* [WHAT IS BEING ASKED]: The answer should be each line from the entries below that has the word "Guide" in it.

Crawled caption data
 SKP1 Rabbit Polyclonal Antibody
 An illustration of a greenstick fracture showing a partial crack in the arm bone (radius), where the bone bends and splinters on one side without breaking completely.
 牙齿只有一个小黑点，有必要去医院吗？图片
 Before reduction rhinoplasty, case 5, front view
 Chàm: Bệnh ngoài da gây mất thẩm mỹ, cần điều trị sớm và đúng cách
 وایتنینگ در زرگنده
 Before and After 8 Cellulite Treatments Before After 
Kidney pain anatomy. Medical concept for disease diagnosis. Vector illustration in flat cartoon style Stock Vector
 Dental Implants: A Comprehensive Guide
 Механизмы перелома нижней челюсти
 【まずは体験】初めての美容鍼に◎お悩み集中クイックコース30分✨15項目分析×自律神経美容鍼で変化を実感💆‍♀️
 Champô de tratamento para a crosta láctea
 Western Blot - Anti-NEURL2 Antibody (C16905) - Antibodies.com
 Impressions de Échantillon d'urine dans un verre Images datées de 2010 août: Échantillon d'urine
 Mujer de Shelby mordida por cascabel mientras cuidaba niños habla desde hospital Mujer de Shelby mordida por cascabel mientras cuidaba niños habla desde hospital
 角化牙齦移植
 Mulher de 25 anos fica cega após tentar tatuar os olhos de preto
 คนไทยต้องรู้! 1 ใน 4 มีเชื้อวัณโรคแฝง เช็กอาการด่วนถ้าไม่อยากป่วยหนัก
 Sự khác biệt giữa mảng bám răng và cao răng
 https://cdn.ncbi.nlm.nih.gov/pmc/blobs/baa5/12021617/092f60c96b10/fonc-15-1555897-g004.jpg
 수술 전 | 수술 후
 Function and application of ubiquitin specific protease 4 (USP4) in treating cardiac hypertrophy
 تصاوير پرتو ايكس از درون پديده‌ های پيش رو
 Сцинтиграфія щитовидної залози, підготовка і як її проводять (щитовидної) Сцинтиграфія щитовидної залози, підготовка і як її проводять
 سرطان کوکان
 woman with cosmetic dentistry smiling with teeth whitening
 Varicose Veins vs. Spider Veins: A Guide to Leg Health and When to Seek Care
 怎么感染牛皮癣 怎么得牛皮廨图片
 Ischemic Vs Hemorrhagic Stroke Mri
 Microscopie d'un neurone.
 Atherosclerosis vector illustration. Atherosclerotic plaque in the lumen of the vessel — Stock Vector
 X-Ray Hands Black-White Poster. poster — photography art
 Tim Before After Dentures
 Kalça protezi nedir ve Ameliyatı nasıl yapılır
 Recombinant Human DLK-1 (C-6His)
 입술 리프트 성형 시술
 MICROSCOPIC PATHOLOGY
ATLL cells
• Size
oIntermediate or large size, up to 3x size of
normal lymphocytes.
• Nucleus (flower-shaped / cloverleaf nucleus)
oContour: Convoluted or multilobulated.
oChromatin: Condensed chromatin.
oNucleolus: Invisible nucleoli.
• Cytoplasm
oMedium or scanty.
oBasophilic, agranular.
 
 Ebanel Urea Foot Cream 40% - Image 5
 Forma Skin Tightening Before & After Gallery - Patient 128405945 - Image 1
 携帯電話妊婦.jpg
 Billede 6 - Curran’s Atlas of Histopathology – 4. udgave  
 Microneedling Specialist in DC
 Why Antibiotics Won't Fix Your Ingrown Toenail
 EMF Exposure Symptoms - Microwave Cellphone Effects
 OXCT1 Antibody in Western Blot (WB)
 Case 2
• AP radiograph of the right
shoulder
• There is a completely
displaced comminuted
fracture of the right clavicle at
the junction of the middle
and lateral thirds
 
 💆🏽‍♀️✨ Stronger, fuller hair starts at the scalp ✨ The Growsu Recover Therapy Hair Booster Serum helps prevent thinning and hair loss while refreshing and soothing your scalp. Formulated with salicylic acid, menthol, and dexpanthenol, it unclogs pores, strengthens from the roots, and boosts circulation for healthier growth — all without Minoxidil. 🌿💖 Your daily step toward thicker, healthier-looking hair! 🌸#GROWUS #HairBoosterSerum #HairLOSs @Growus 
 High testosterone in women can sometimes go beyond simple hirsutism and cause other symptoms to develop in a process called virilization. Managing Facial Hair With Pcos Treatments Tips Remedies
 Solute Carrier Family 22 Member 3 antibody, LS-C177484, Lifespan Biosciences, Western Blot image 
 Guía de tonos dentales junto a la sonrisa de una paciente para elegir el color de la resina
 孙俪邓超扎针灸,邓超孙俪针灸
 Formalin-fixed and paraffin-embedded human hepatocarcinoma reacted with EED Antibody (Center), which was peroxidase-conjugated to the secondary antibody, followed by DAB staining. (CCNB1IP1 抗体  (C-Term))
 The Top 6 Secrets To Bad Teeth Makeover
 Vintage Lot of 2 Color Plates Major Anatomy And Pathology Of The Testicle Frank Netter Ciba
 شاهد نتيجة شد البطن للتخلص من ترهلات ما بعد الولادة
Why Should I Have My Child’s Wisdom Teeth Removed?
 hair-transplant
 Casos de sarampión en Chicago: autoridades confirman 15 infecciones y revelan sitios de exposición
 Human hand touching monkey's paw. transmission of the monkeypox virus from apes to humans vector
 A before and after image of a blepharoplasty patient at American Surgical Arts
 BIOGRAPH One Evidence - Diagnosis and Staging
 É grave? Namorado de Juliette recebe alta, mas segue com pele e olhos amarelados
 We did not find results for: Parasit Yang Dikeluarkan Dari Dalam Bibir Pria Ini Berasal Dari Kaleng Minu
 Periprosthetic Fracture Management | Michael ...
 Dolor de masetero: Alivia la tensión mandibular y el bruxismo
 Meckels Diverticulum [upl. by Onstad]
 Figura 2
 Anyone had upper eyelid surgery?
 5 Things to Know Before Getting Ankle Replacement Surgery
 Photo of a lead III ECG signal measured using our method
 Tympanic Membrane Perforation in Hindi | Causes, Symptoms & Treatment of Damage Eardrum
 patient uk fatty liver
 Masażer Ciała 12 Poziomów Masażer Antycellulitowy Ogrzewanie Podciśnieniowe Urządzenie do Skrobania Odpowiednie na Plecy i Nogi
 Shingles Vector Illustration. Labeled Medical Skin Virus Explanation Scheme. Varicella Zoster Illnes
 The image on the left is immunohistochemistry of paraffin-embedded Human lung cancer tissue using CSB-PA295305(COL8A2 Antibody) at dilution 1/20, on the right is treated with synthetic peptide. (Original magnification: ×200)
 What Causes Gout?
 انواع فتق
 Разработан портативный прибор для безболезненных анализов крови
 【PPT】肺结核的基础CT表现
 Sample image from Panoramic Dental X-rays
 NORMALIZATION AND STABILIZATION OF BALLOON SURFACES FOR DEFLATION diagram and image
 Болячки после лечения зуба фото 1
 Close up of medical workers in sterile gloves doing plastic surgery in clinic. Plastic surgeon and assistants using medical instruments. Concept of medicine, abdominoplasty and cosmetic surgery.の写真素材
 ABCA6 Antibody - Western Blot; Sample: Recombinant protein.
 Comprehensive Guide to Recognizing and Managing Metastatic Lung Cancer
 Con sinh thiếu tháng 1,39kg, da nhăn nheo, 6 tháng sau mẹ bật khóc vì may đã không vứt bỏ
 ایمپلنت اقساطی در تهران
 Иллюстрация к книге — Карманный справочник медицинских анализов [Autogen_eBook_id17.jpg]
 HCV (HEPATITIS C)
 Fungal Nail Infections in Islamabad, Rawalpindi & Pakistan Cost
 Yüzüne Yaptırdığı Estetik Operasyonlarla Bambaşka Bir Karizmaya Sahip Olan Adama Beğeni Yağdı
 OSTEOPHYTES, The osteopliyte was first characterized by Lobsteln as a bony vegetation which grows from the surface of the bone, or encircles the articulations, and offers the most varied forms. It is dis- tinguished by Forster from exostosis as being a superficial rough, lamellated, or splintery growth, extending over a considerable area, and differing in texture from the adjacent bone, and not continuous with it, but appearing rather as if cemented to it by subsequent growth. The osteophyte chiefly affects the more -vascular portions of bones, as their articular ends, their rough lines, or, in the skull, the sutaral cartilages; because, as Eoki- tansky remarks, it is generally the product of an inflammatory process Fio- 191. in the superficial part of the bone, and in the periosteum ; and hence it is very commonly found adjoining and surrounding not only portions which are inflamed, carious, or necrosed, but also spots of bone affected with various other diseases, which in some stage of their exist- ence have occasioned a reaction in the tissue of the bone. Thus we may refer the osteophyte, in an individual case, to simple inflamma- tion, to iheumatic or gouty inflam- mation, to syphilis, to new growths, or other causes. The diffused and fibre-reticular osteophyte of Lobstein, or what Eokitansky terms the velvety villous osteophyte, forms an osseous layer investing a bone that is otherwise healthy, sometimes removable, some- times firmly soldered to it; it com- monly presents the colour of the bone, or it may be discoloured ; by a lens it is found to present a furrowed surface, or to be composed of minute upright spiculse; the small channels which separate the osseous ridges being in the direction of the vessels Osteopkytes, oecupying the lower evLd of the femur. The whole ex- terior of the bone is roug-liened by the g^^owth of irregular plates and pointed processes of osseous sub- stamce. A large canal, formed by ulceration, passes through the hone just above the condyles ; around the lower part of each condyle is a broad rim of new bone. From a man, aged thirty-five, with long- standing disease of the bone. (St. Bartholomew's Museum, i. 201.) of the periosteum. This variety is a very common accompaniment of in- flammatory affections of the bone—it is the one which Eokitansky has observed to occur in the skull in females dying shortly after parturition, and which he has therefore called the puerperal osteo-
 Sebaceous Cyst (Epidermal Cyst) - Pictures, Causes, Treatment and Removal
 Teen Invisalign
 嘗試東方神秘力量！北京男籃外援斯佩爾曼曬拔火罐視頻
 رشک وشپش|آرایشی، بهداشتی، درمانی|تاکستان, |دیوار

* [RESPONSE]:
 Dental Implants: A Comprehensive Guide
 Varicose Veins vs. Spider Veins: A Guide to Leg Health and When to Seek Care
 Comprehensive Guide to Recognizing and Managing Metastatic Lung Cancer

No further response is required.